[svn:parrot] r47094 - in branches/gsoc_nfg: . src/string/encoding
darbelo at svn.parrot.org
darbelo at svn.parrot.org
Fri May 28 15:37:45 UTC 2010
Author: darbelo
Date: Fri May 28 15:37:45 2010
New Revision: 47094
URL: https://trac.parrot.org/parrot/changeset/47094
Log:
Add base files for the NFG encoding. It's UCS-4 with the serial numbers removed at the time.
Added:
branches/gsoc_nfg/src/string/encoding/nfg.c
- copied, changed from r47092, branches/gsoc_nfg/src/string/encoding/ucs4.c
branches/gsoc_nfg/src/string/encoding/nfg.h
- copied, changed from r47092, branches/gsoc_nfg/src/string/encoding/ucs4.h
Modified:
branches/gsoc_nfg/MANIFEST
Modified: branches/gsoc_nfg/MANIFEST
==============================================================================
--- branches/gsoc_nfg/MANIFEST Fri May 28 15:29:38 2010 (r47093)

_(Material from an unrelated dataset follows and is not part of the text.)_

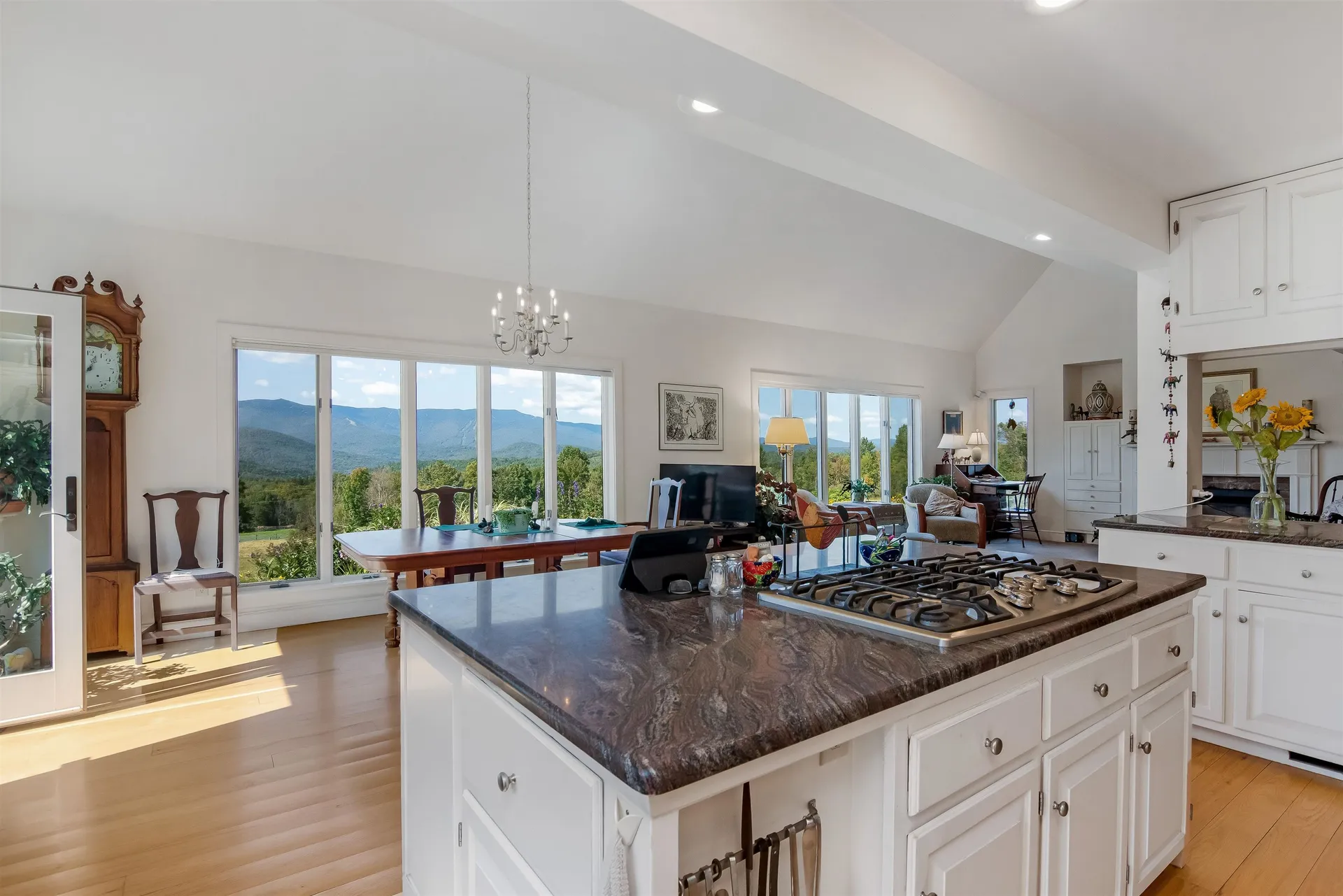 141 Old Farm Lane Warren VT 05674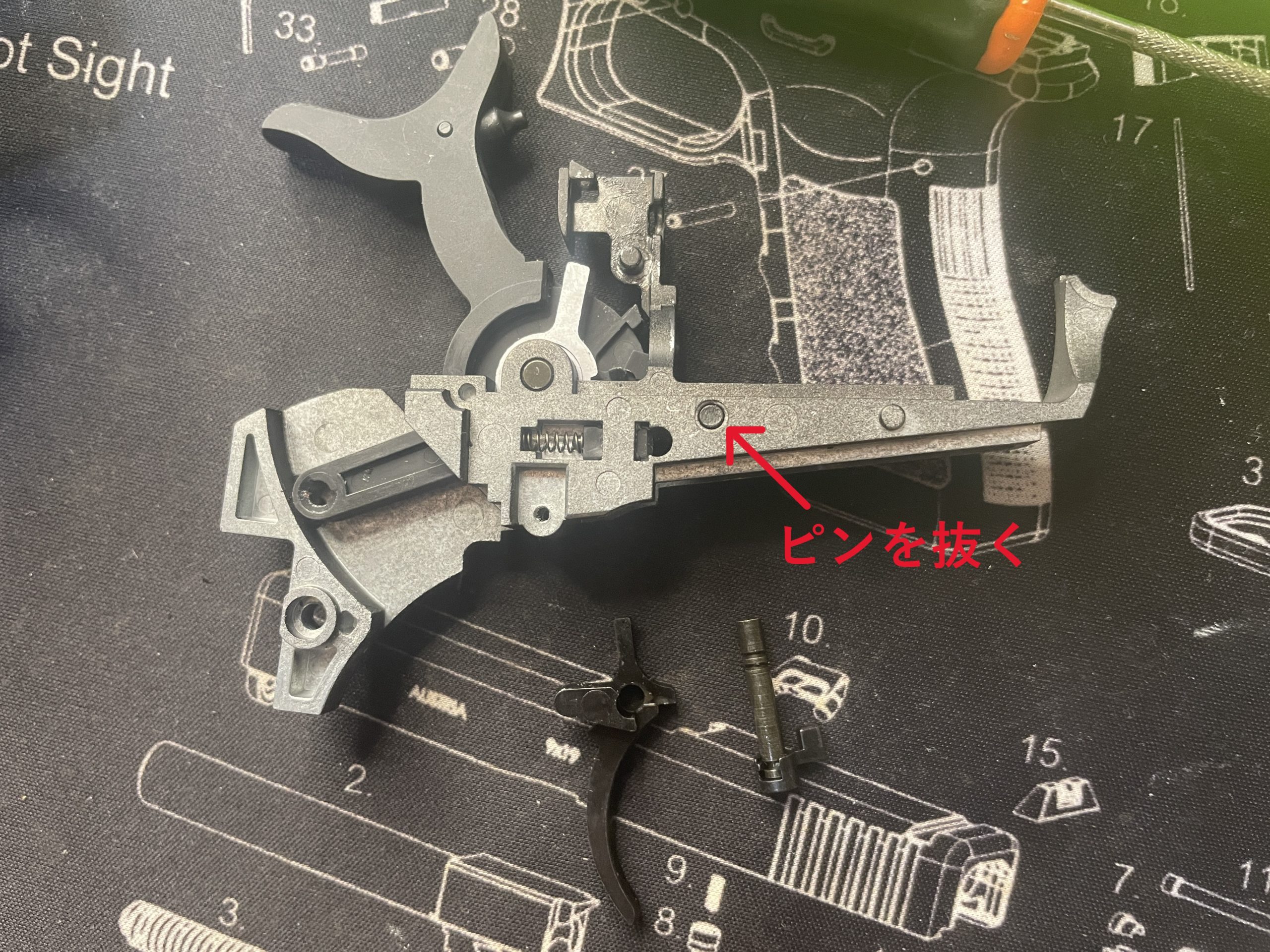 東京マルイ　SAA.45 アーティラリー　シリンダロック用凸のピンを抜く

+++ branches/gsoc_nfg/MANIFEST Fri May 28 15:37:45 2010 (r47094)
@@ -1,7 +1,7 @@
# ex: set ro:
# $Id$
#
-# generated by tools/dev/mk_manifest_and_skip.pl Wed May 26 01:29:10 2010 UT
+# generated by tools/dev/mk_manifest_and_skip.pl Fri May 28 15:36:43 2010 UT
#
# See below for documentation on the format of this file.
#
@@ -1452,6 +1452,8 @@
src/string/encoding.c []
src/string/encoding/fixed_8.c []
src/string/encoding/fixed_8.h []
+src/string/encoding/nfg.c []
+src/string/encoding/nfg.h []
src/string/encoding/ucs2.c []
src/string/encoding/ucs2.h []
src/string/encoding/ucs4.c []
Copied and modified: branches/gsoc_nfg/src/string/encoding/nfg.c (from r47092, branches/gsoc_nfg/src/string/encoding/ucs4.c)
==============================================================================
--- branches/gsoc_nfg/src/string/encoding/ucs4.c Fri May 28 15:25:07 2010 (r47092, copy source)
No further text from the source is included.